No idea? I’m not entirely surprised as it’s been five years since they were in the news and sent shockwaves throughout the buy-to-let sector. Still unsure? Then let me elaborate.
They’re actually the reference numbers of the consultation paper from the Prudential Regulation Authority (PRA) and the supervisory and policy statements from the Bank of England which were introduced due to concerns about the potential harm to the UK housing market from uncontrolled and unaffordable buy-to-let lending.
Difficult as it might be to believe, we’re approaching the fifth anniversary of the introduction of new affordability standards which came into force on 1 January 2017 to bring all lenders up to prevailing market standards.
The new rules were also introduced to act as a guard against any slipping of underwriting standards during a period in which a firm’s growth plans could be challenged by the changing economic landscape and the impact of any forthcoming tax changes.
Longer term security against rate changes
Lenders were quick to embrace the new rules, with many introducing additional checks for customers opting for longer-term products to ensure they were in a position to manage any potential payment changes at the end of their product term.
Those investors who took up a five-year fixed rate mortgage back in 2016 will now be on the look-out for a new product as they approach the end of their initial fixed rate period.
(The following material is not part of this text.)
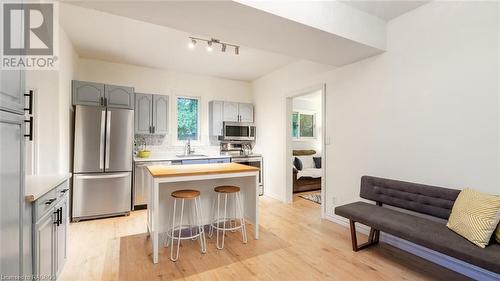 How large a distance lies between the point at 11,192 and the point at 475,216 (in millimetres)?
3165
In fact, recent research by Twenty7Tec shows remortgage searches accounted for more than 40 per cent of the mortgage market in October, the first time this year they have reached that level.
Five-year fixed rate mortgages will always be a popular choice for landlords.
As I write this article, there are currently 1,258 five-year fixed rate buy-to-let mortgages available to landlords according to Moneyfacts and mortgage rates are at, or are certainly around, the lowest they’ve ever been.
The Bank of England finally increased the base interest rate after much speculation, and it’s widely predicted it will rise further in the not too distant future.
It means that for landlords looking to remortgage, a five-year deal could prove to be a good choice in the long run.
Of course, investors should always carefully consider the pros and cons of committing to a long-term deal, but for those looking for the peace of mind that comes with knowing exactly how much they’ll be paying each month, now could be the perfect time to make the most of a wide range of options and low rates whilst they last.